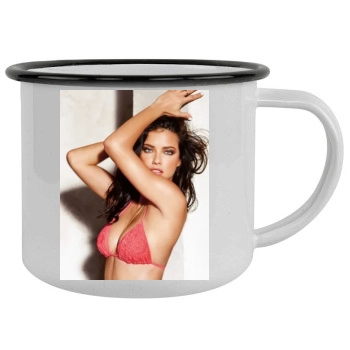 Adriana Lima Camping Mug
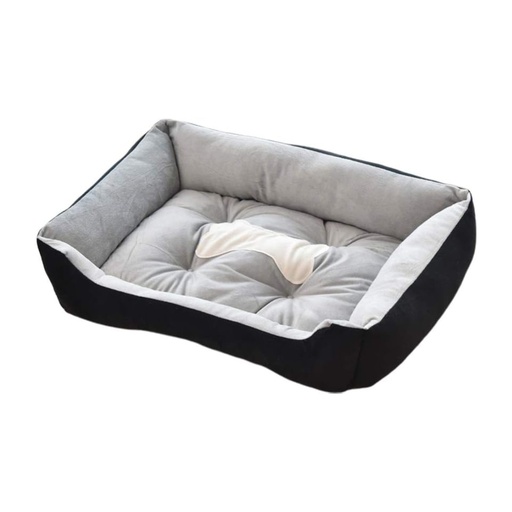 [lit-douillet-en-peluche-pour-animaux] Lit pour chien et chat - Lit Douillet en Peluche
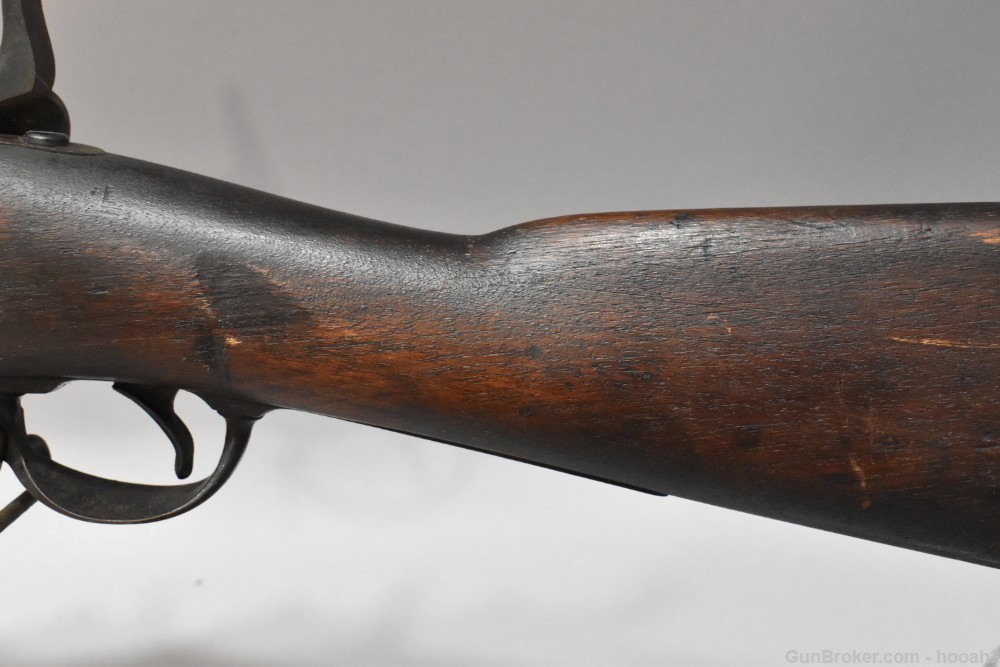 Antique US Springfield Model 1884 Trapdoor Rifle 45-70 Govt READ-img-10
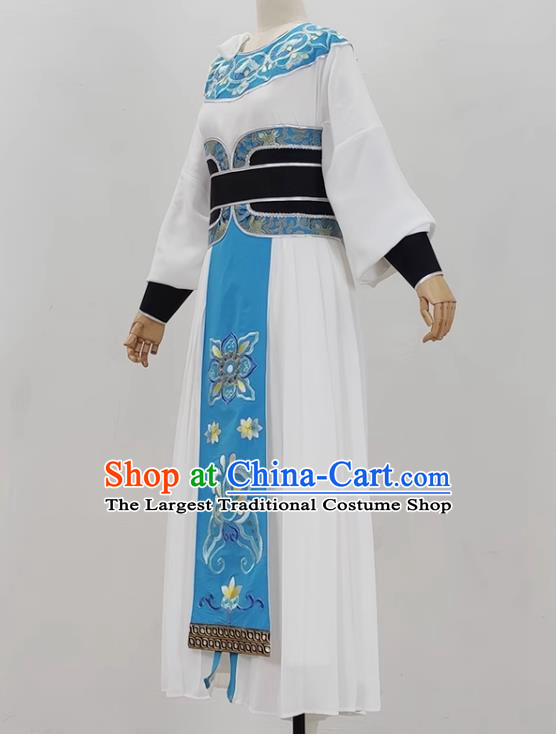 Wusheng Costumes Ancient Costumes Shaoxing Opera Beidi Wangkuizu Temple Huangmei Opera Costumes Xiaosheng Clothes Opera Costumes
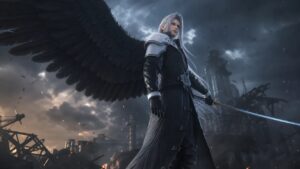 Final Fantasy VII Revelation terá ajuste automático de nível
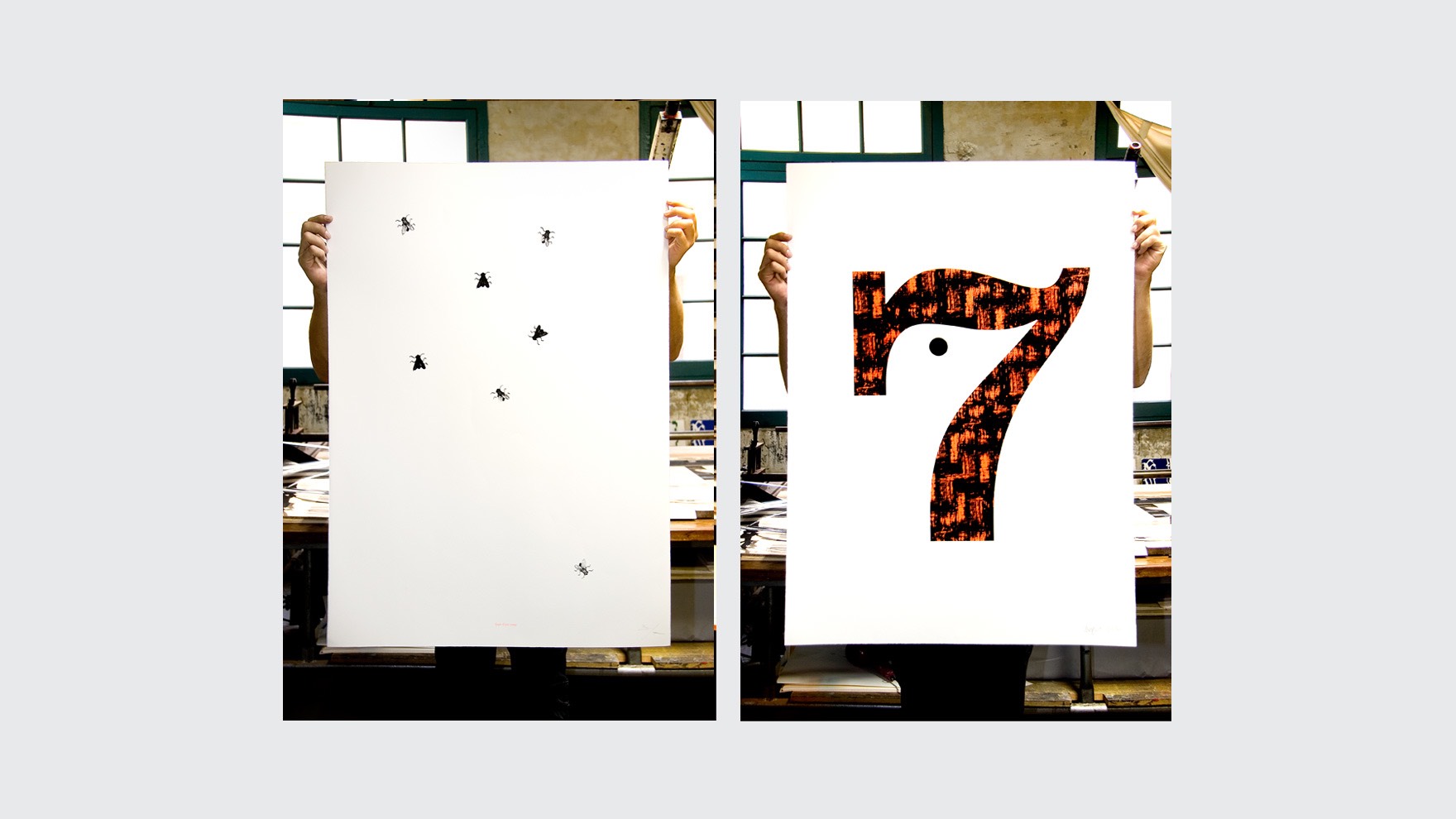 POWERS OF SEVEN / GRAPHIC DESIGN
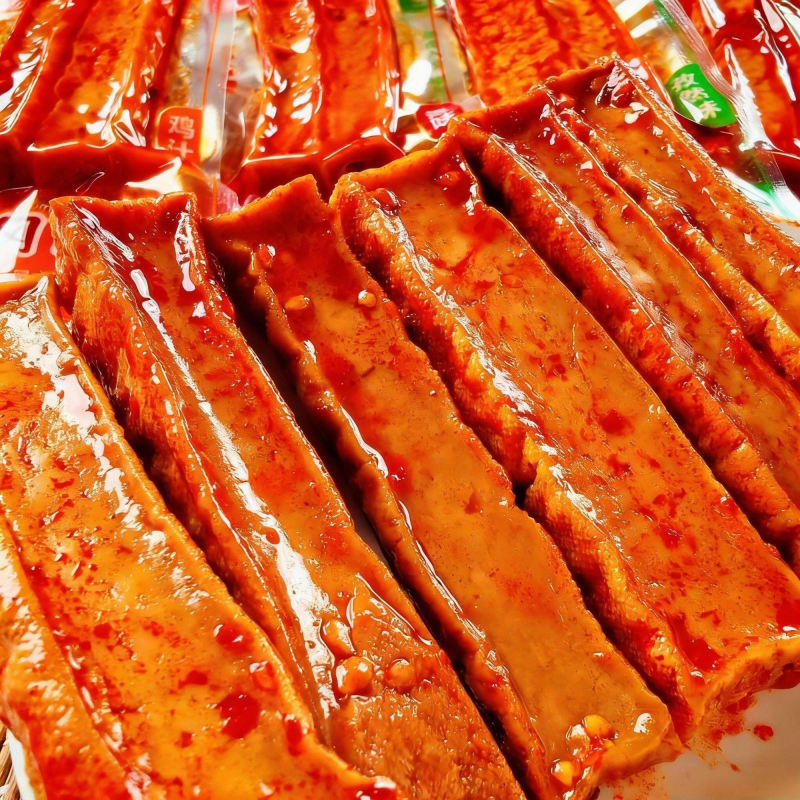 香辣味解馋零食袋装手撕武冈混合香辣豆腐湖南豆腐干正宗功夫休闲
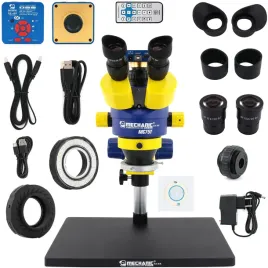 mikroskop-stereoskopowy-trinokularowy-minionek-mechanic-mc75t-b3-akcesoria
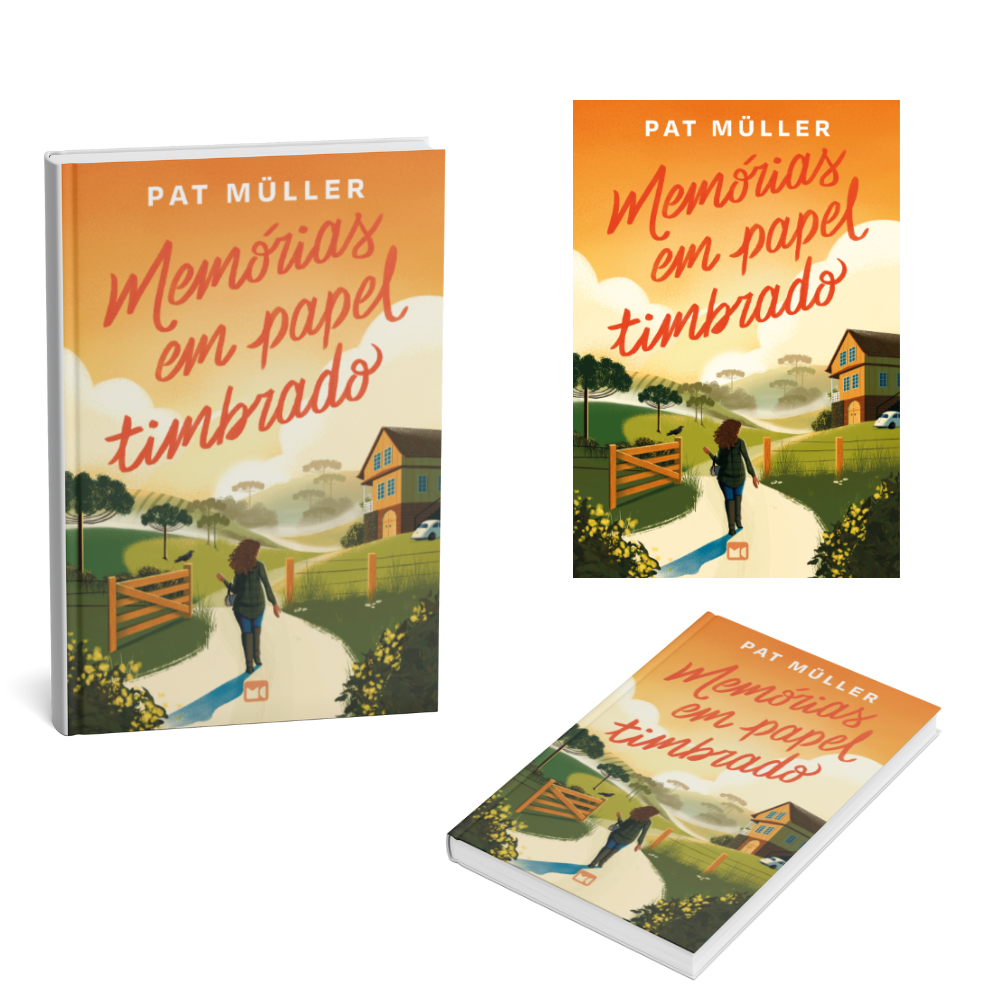 Livro Memórias em Papel Timbrado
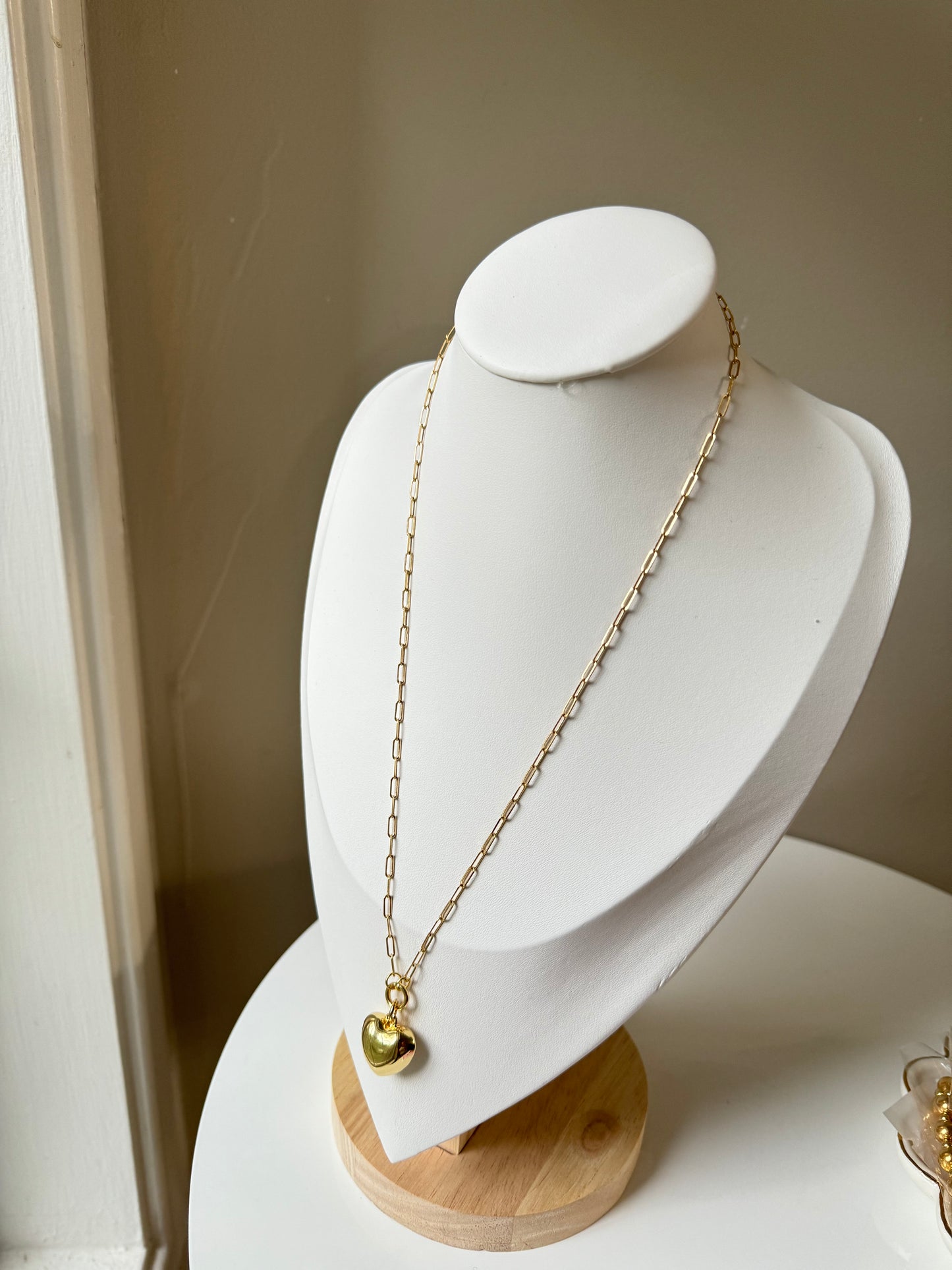 NECKLACE SMOOTH HEAT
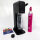 SodaStream ART, Sparkling Water Maker, CO₂, 60L Cylinder, Black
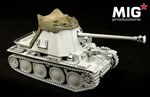 Winter Tarp for DML Marder III H 1/35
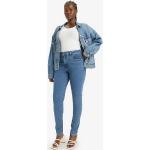 Super Skinny Donkerblauwe High waist LEVI´S Skinny jeans  in maat M voor Dames 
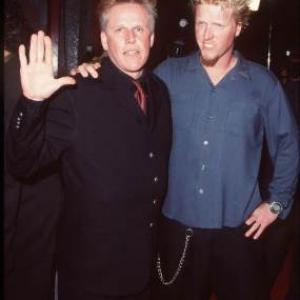Gary Busey and Jake Busey at event of Soldier 1998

....

#### Exercise
Exclude every picture, then return precisely the lines that run from the line containing "Winter Tarp for DML Marder III H 1/35" through the end of the entries above.

#### Reply to the exercise
 Winter Tarp for DML Marder III H 1/35
 Super Skinny Donkerblauwe High waist LEVI´S Skinny jeans  in maat M voor Dames 
Gary Busey and Jake Busey at event of Soldier 1998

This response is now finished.